Sentence Transformers v5.4 Adds Unified Embeddings for Text, Image, Audio, and Video
Contents
Sentence Transformers v5.4, developed by HuggingFace, was released on April 9, 2026.
The biggest change is that the SentenceTransformer and CrossEncoder APIs, previously text-only, now support multimodal input.
Just pass text, images, audio, or video to the same model.encode() and they get mapped into a shared vector space.

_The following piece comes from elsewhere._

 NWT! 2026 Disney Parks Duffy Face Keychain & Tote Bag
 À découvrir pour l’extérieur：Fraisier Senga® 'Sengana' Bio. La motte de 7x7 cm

Sentence Transformers is the go-to library for semantic text similarity search and clustering, with over 30 million monthly downloads. Another piece of the HuggingFace ecosystem—alongside projects like TRL v1.0—has crossed the modality barrier.
What Changed
Previously, Sentence Transformers was specialized for text-to-text similarity. If you wanted image search, you had to handle CLIP models separately, and audio or video were completely out of scope. In v5.4, VLM (Vision Language Model)-based models are wrapped into Sentence Transformers’ unified interface, enabling embedding generation across modalities through the same API.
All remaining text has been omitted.